Wartawan Senior Itu Pergi dengan Rahasiakan Peristiwa Gedung DPR Diduduki Mahasiswa

    JAKARTA – Dini hari Sabtu (23/2018) jam 03.45 WIB, WA nada berdering di android tidak henti-hentinya, tidak seperti biasanya bunyi nada pesan masuk WA bertubi-tubi, sehingga rasa penasaran pun muncul ingin membaca pesan yang masuk.

    Dari pesan masuk bertanda bulat hijau ada angka ratusan jumlahnya. Baik di Grup Koordinasi Wartawan Parlemen, Jurnal Parlemen, Presroom, info Parlemen dan beberapa grup berhubungan dengan parlemen.

    Info saat dibuka WA ada berita duka dengan semua menulis awal kalimat
    Innalillahi WInnailaihi Rojiun…Semoga wartawan senior Pak Syafri Ali Khusnul Chotimah…

    Rasa penasaran apa benar Pak Syafri Ali meninggal, maka dibukalah WA anak almarhum dan ada tulisan
    ‘Assalamu’alaikum wr wb.
    Innalillahi wa innailaihi rojiun.
    Telah meninggal dunia ayah kami, bapak Sjafri Ali, pagi ini pada pukul 03.45 WIB.

    Mohon kiranya dibukakan pintu maaf atas segala kekhilafan/kesalahan, baik sengaja maupun tidak.
    Wassalamu’alaikum wr wb.
    – Reni, a/n keluarga bapak Sjafri Ali.

    Setelah membaca pesan dari keluarga Pak Syafri baru yakin bahwa wartawan senior yang masih punya kartu pers Harian Pikiran Rakyat terbit di Bandung, Jawa Barat yang di rawat bulanan lebih di RS Pelni itu sudah tiada.

    Teringat masa-masa Pak Syafri Ali, pria tua yang sebelum dirawat di RS Pelni walau dengan tongkat tetap aktif meliput. Kadang dia juga bersama wartawan lain ikut satu bus meliput kegiatan Sosialisasi Empat Pilar MPR dengan duduk di kursi bus tak tertinggal tongkat penyanggah lutut.

    Pernah saat malam hari beberapa bulan sebelum masuk rumah sakit, almarhum jam 19.30 WIB masih berada di Media Center DPR, saat ditanya pulang memakai kendaraan apa?
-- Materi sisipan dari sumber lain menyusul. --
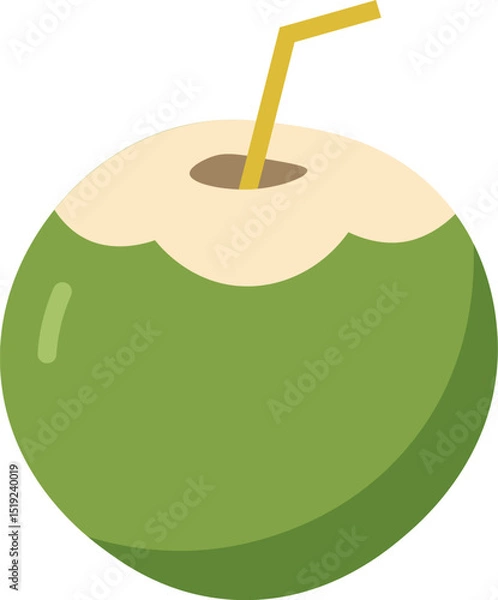 Obraz Tropical Coconut Drink Vectors - Green Coconuts Flat Design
Dijawabnya santai dengan angkutan umum mikrolet yang jika naik dari depan Pasar Pal Merah,Jakarta Selatan, hanya sekali ikut sudah sampai ke rumah.

    Satu minggu sebelum di rawat di rumah sakit yang diketahui dia puluhan tahun menderita Diabetes, pulang agak sore sekira jam empat atau lima.

    Saat dicandain beberapa teman, kok, tumben pulang sore?, Dia hanya lempar senyum dan menjawab yang di rumah menunggu.

    Walau pun sudah umuran jalan pakai tongkat dia tetap semangat berdedikasi jadi reporter alasannya jadi wartawan itu tanpa batas kecuali umur sudah tiada.

    Terakhir bersama almarhum ketika mengikuti acara Pers Gathering di Menado satu kamar dengannya.

    Di sini banyak cerita dan baru tahu bahwa almarhum ini punya mantu orang Jerman yang menyunting anak perempuannya dan diberkati cucu.

    “Ini jaket dikasih anak saya yang belinya di Jerman,” kata almarhum sambil menunjukkan jaket dipakainya warna agak keabu-abuan. Saat itu mau turun bersama makan malam

    Kenapa almarhun sangat istimewa? Karena semangat kuat jadi wartawan begitu tinggi dan memberi semangat bagi wartawan di bawah umurnya di lingkungan DPR.

    Selain itu, almarhum salah satu saksi tentang awal pendudukan mahasiswa di Gedung DPR pada 20 tahun lalu. Dia saat itu masih jadi Humas DPR yang sudah membantu suplai berita ke Media Pikiran Rakyat

    Ketika mau dibukukan tentang persaksiannya itu, dia menolak dengan alasan nanti ada yang merasa tersinggung dan ada yang salah menafsirkan.

    Akhirnya cerita siapa yang meloloskan mahasiswa bisa masuk dan menduduki Gedung DPR itupun, walau sudah dijaga pasukan anti huru hara saat itu mahasiswa tak dicegat dan sejak itu.bergulirlah reformasi.

    Hanya saja awal pendudukkan gedung dewan itu dia simpan sampai akhir hayatnya.